Wed Feb 15 15:23:15 UTC 2006
Aleksandar Milivojevic <alex at milivojevic.org>

Quoting Ugo Bellavance <ugob at camo-route.com>:

> Hi,
>
> 	I have a dual core athlon server and it is gaining 1 day every 2 days
> w/o time sync.  Even with ntpd running, the time is not under control.
> I must put a very frequent cronjob of 'ntpdate' to keep the time under
> control.  This creates big problems since winbind eventually stops
> working so my users can't access their data.

Running under VMware by any chance?  If yes read next paragraph, if not 
skip to the one after it (but you might still read both).

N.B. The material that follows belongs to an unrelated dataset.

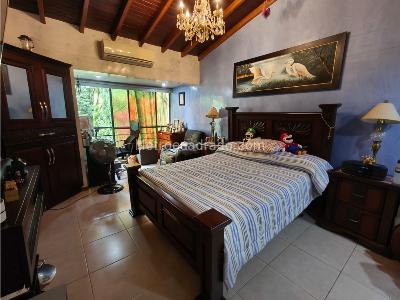 Casa de 3 alcobas en venta en Cumbres, Envigado, 180 m² · foto 8 de 19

In current versions of VMware (for example ESX 2.5.x), 2.6 kernels are 
not yet officially supported.  What you described is one of the 
problems with 2.6 kernels and VMware.  Add "clock=pit" kernel option 
(in grub.conf or lilo.conf, whichever boot loader you use), don't use 
NTP to sync time, install vmware-tools onto each guest and enable time 
synchronization in them (by default it is off).  It should keep time in 
your guests under some controll.  The problem is mostly because 2.6 
kernels are much stricter in watching the frequency source selected for 
clock, and they also increased the frequncy of interrupts requested 
from it from 100Hz to 1000Hz (one global + one per CPU, or something 
like that).  This frequency is compile time kernel option (it is hard 
coded into the kernel, can't be changed once kernel is compiled).  
Furthermore, frequency of interrupts increases with number of processor 
cores (so if each of your guests is configured with two virtual CPUs, 
it's 3000 interrupts per second per 2.6 guest, compared to only 300 per 
2.4 guest).  With many guest running on bussy box, VMware might not be 
able to generate all needed virtual interrupts for 2.6 guest operating 
systems, and you get clock problems you are having.  There's a code in 
clock code in 2.6 kernel that attempts to correct for missed/skipped 
interrupts.  However under VMware it tends to overcorrect and your 
clock starts gaining time fast, like you described.  This is classic 
problem you'll encounter with current versions of VMware and guests 
running 2.6 kernel.  It should be corrected in Vmware ESX 3.x (which 
should also have official support for 2.6 kernels).

If you are not running VMware, you might still experiment with clock 
option (it selects the frequency source kernel uses to keep track of 
time).  The default frequency source obviously doesn't work well for 
you.  Available sources are pit, tsc, cyclone and pmtmr, however not 
all are available on all motherboards (you'd need to check what kind of 
timers your motherboard has).  If specified source is not available 
(your motherboard doesn't have that hardware), kernel falls back to pit 
(or whatever kernel was patched to use by default).  You may also try 
hpet=disable kernel option (with or without clock option), which 
disables HPET (if present on motherboard) and falls back to real PIT.

Even if not using VMware, you might find this document a good read:

http://www.vmware.com/pdf/vmware_timekeeping.pdf

It describes timer hardware available in average PCs (PC Timer Hardware 
chapter) and describes various clock=xxx options (Timekeeping in 
Specific Operating Systems chapter, Linux section).